Frankenpost Hof, Juni 2008
Röslau/Kirchenlamitz
"Wir sind unglaublich schnell, flexibel und schlagkräftig." Was aus dem Mund von Böhm-GmbH-Chef Peter Söll eher nach Eigenlob klingt, ist bei genauer Betrachtung des neuesten Schachzugs der Kirchenlamitzer Rohrhersteller tatsächlich eine korrekte Standortbeschreibung. Denn mit diesem Schachzug – der Übernahme der insolventen Firma Heibl Kunststofftechnik in Röslau – schafft sich die Böhm-GmbH ein perfektes zweites Standbein.

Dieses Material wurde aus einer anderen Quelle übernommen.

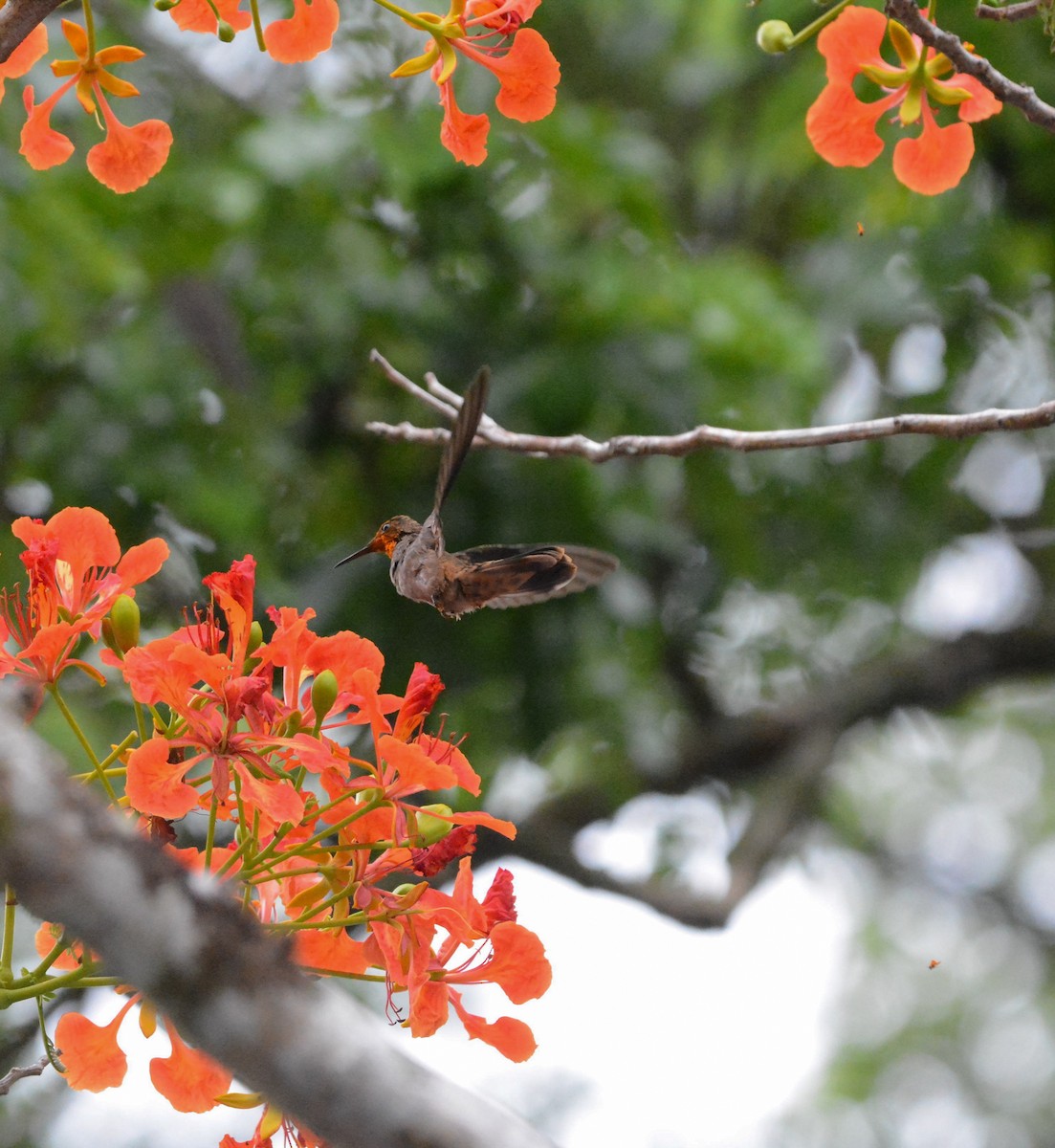 kolibřík fialovouchý - ML619818548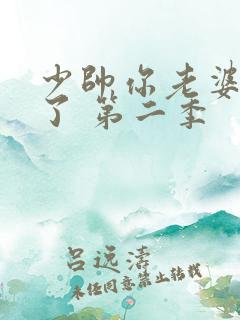 少帅你老婆又跑了 第二季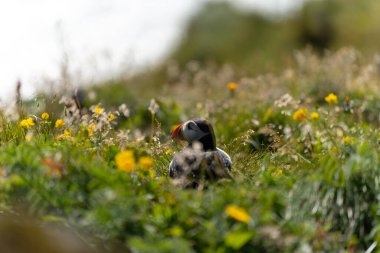 Atlantic Puffin on Icelands South Coast. High quality photo
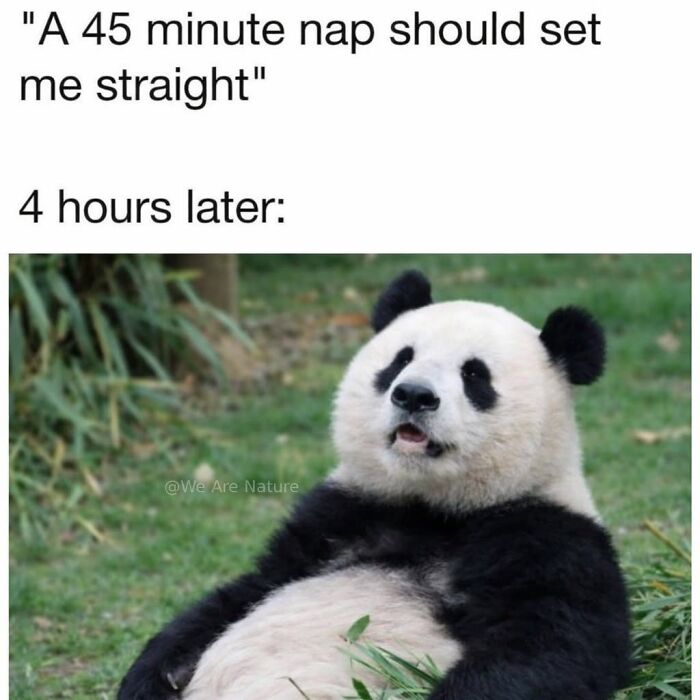 88 Amusing, Cute, And Incredibly Relatable Animal Memes To Make Your Day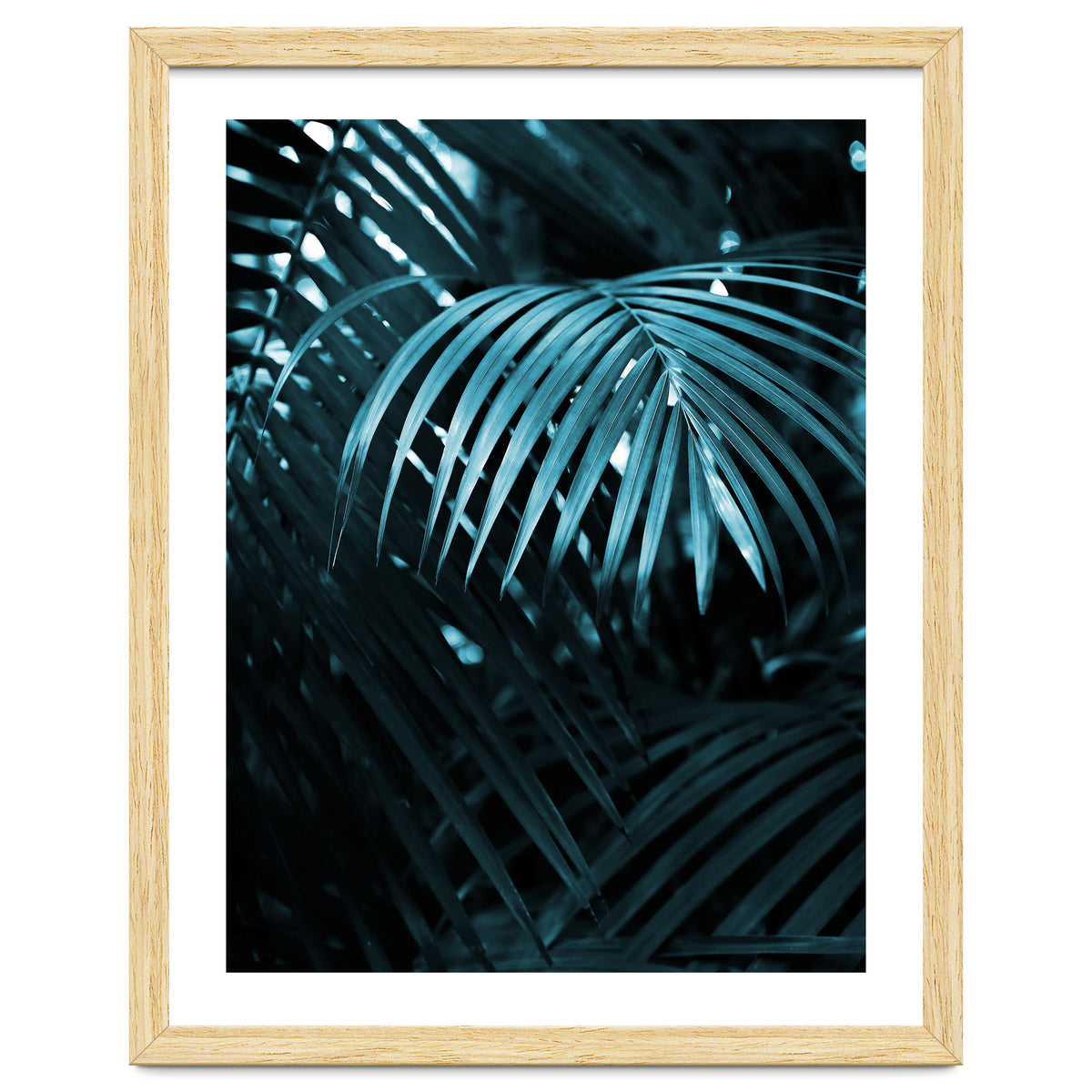 Blue Jungle Palm Ii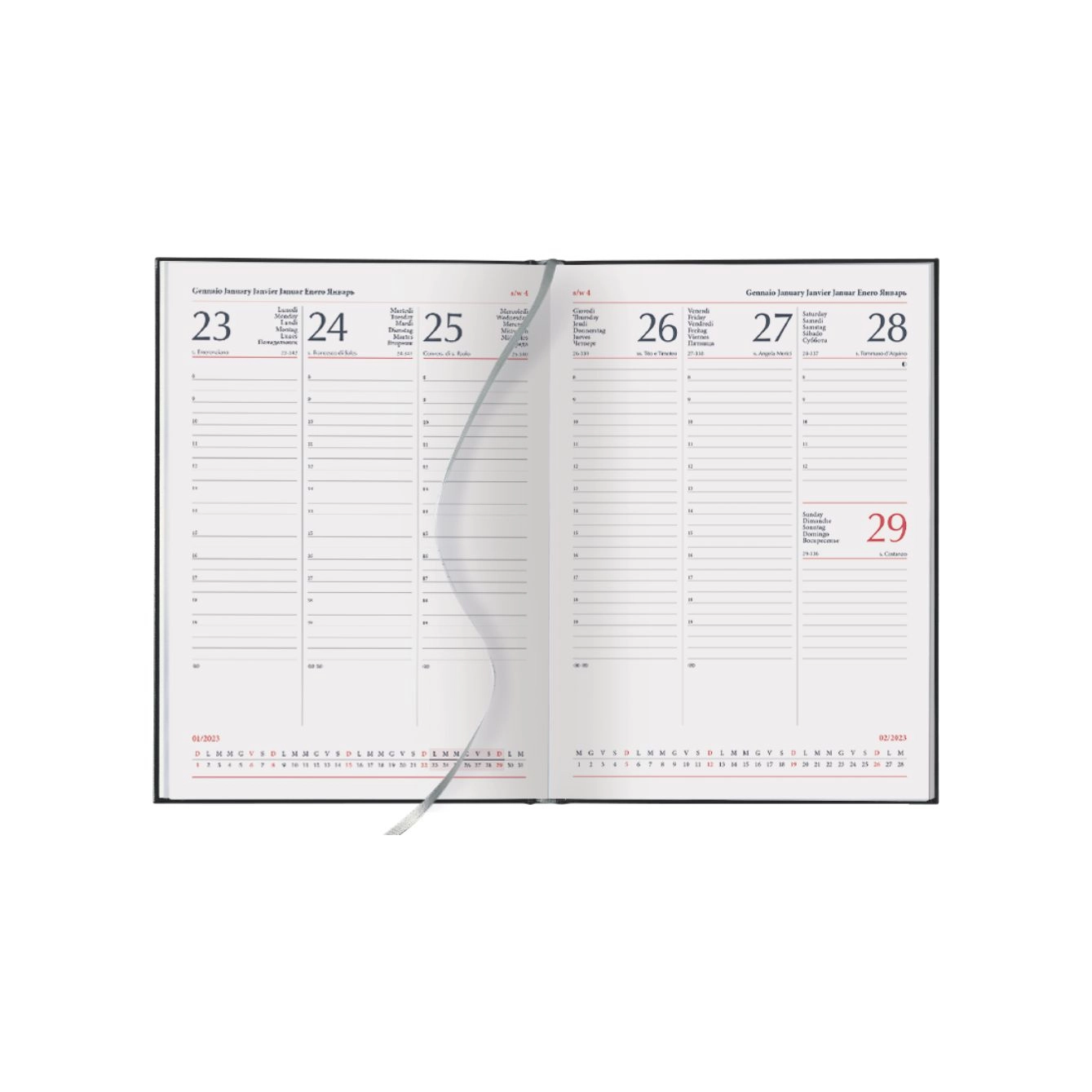 Immagine S17 INTERNO SETTIMANALE CM 17X24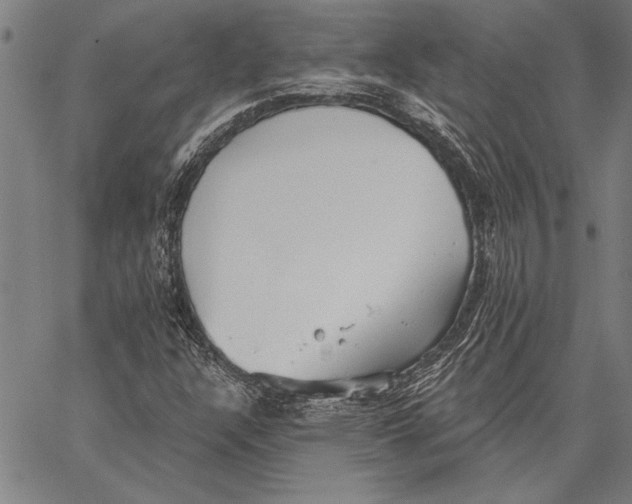 X0000067391304200604211623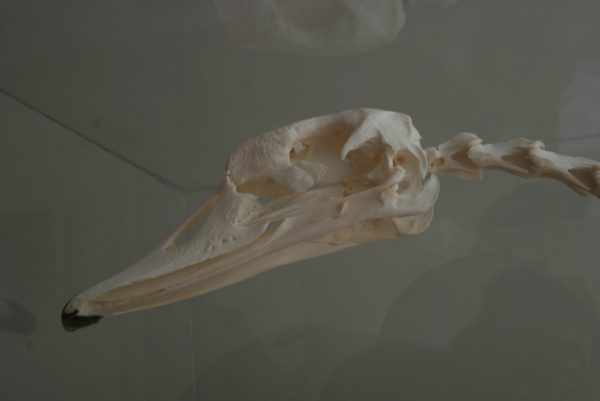 Enormous skeleton of a Swan.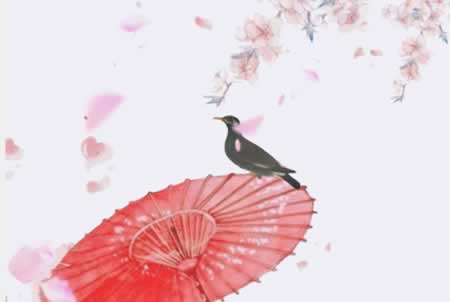 ϢĹŷӼ Ĺŷ̾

Söll will in Röslau, wie vorher in Kirchenlamitz , aus einem maroden Unternehmen eine profitable Tochterfirma machen. Söll spricht von „guten Synergien“, da auch die Kirchenlamitzer über Spritzgusskapazitäten verfügen. Söll: „Für einen Fertigungsbetrieb mit eigenen Produkten wie bei Böhm kann durch einen Lohnfertiger wie die neue Heibl-GmbH nur ein Gewinn für beide Unternehmen herauskommen.“
Bei Heibl wurden bis zur Insolvenz Kunststoff-Spritzgussteile, etwa für die Automobilindustrie oder Büroartikelhersteller produziert. Selbst für namhafte Marken wie Porsche, Audi und Mercedes ist Heibl im Geschäft. Für die ausschließlich in der Baubranche tätigen Kirchenlamitzer Rohr-Experten wächst damit die Produktpalette branchenübergreifend.
Der Hofer Unternehmer und Investor Peter Söll will „mit wohlüberlegter Strategie“ bei Heibl für Wachstum sorgen. Söll und sein Kirchenlamitzer Führungsteam setzen dabei voll auf die höchst positiven Erfahrungen der letzten Jahre bei Böhm. Mit Hilfe eben dieser starken Muttergesellschaft soll Heibl wieder auf gesunde Beine gestellt und für die Kunden erneut zum zuverlässigen Partner werden.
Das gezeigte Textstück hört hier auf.